Я действительно видел другое.
Сначала бриллиантовый кокон погас, потом побелел и сузился до узкого белого коридора леймонтского института новых физических проблем. В конце коридора темнела дверь лаборатории профессора Вернера, и к этой двери неспешно шагал я. Неспешно, но сознательно. Без всякого удивления от изменившейся обстановки, без малейшего ощущения неожиданности, а как бы движимый заранее обдуманной мыслью и предвиденным ходом событий. Не открывая двери, я прошёл сквозь неё прямо к сутулой спине Вернера, разговаривающего с портретом молодого Резерфорда.
– Не мешайте, – сказал Вернер.
– Не могу, – сказал я.
– На работе я не общаюсь с живыми, – сказал Вернер, по-прежнему не оборачиваясь.
– Знаю, – сказал я, действительно зная, что дверь лаборатории Вернера всегда на замке. – Но это сильнее меня.
– Нельзя, – отрубил Вернер.
– Бывают случаи, когда в словаре нет слова «нельзя».
Вернер в белом халате наконец обернулся, очень похожий на парикмахера.
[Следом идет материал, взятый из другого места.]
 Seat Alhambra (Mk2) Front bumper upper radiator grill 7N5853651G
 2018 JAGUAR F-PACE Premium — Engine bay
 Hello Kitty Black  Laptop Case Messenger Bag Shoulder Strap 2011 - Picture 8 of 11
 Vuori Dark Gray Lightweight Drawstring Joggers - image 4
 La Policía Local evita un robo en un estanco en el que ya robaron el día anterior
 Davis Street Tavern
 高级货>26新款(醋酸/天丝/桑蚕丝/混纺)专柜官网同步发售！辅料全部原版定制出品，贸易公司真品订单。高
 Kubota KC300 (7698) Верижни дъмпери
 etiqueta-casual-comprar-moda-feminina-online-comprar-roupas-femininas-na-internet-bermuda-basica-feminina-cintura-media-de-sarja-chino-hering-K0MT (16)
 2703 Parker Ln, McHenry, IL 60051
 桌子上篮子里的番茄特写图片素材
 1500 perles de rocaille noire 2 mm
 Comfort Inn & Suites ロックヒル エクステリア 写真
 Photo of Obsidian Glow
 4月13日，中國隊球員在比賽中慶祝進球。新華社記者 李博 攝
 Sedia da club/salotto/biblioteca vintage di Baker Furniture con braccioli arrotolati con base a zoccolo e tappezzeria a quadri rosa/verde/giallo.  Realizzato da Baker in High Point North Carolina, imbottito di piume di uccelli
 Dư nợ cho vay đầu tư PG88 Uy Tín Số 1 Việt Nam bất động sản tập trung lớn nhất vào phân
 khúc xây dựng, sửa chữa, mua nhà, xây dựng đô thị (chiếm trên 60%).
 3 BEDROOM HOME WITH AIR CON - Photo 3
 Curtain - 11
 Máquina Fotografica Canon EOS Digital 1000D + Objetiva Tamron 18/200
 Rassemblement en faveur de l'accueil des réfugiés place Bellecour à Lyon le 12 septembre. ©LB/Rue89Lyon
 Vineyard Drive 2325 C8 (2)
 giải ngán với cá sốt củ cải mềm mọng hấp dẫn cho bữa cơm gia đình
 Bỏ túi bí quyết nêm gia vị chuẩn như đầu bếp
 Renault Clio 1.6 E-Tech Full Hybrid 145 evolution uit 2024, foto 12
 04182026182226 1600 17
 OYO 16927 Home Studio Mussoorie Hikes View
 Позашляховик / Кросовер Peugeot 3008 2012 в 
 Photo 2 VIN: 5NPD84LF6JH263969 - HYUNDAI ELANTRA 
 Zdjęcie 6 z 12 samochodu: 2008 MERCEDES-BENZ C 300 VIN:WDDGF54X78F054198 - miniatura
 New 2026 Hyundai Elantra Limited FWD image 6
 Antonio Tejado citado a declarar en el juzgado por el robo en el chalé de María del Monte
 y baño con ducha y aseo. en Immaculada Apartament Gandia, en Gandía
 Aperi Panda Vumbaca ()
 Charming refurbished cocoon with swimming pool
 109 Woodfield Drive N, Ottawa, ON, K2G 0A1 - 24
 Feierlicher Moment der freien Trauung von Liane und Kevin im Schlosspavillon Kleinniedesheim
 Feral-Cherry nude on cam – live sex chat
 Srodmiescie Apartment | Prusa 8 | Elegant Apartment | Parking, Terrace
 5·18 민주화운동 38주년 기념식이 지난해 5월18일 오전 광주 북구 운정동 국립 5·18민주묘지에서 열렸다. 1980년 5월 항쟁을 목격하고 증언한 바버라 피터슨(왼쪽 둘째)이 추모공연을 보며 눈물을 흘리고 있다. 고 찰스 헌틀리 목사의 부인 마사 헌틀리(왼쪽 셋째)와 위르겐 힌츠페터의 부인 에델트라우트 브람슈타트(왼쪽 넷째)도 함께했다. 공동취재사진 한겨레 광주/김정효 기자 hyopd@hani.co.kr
Узкое лицо его ещё более сузилось, почти достигнув двухмерности. Чёрная повязка на вытекшем левом глазу превратилась в рассекающую профиль диагональ. Эта повязка и треугольное тавро на щеке остались у него от лагерных дней в Штудгофе, куда загнал его Гейдрих.
– Покажите словарь, – сказал он.
Вместо ответа я положил на стол блистающий камешек величиною с орех.
– Что это? – спросил Вернер.
– Бриллиант, огранённый самой природой.
– Мне он не нужен.
– Вы ошибаетесь. Он нужен мне и вам (мы перебрасывались репликами, как шариком настольного тенниса), он нужен человечеству.
Кажется, я выиграл подачу: в глазах Вернера мелькнул тусклый огонёк интереса.
– Нужно исследовать строение и физические свойства его кристаллической решётки, – пояснил я.
– Я уже давно оставил кристаллофизику, – сказал Вернер.
– Поскольку мне помнится, – отпарировал я, – тема вашей диссертации рассматривала кристаллизацию вещества в условиях сверхвысоких давлений.
– Не точная формулировка. Даже не болтовня первокурсника. Дремучее невежество.
– Если вы должным образом исследуете его кристаллическую решётку, – я ткнул пальцем в камешек на столе, – вы, может быть, увидите чудо. Если вы поймёте его, то сделаете открытие, возможно даже более дерзкое, чем открытия Ньютона и Эйнштейна.
Вернер посмотрел на молодого Резерфорда. Казалось, портрет ободряюще подмигнул.
– Конкретно: направление исследования. Что предлагаете? – спросил Вернер.
– Что может предлагать дремучий невежда? Скажем, открыть новую науку, родную сестру кристаллофизики.
– Точнее?
– Биокристаллофизику.
Вернер ещё более сузился. Сейчас он мог бы жить в двух измерениях.
– Вы думаете, это… живое? – недоверчиво спросил он, посмотрев камень на свет.
– Думаю. Может, оно было живым. И даже более – разумным.
– А вы не сошли с ума?
Я только пожал плечами.
– А где же мы найдём средства для исследований? Здесь, к сожалению, это невозможно: воспротивится учёный совет института.
– Мы найдём противоядие. У меня есть ещё камешки.
Я наскрёб в кармане и рассыпал по столу горсть алмазных орешков поменьше, не повысив вернеровского любопытства ни на полградуса. Он только скользнул своим единственным глазом по рассыпанным хрусталикам и подождал разъяснений.
– Мы реализуем часть их на ювелирном рынке и создадим свою лабораторию для исследований.
– Не выйдет, – хохотнул откуда-то взявшийся Стон.
И меня опять это не удивило, как, впрочем, и Вернера.
– Почему? – спросил он, не повышая голоса.
– Потому что бриллианты добыты в моей шахте, на моей земле.
– Это не ваша шахта, это другой мир, господин Стон, – сказал я, – и это совсем не бриллианты.
– Это вы мне говорите, мне, единственному монополисту торговли драгоценностями в Леймонте. Леймонтского ювелирного рынка уже нет, это мой рынок, Янг. Теперь вы не получите ни камней, ни обещанных пяти тысяч.
– Вы украли у меня не пять тысяч, а пять миллионов, – сказал я.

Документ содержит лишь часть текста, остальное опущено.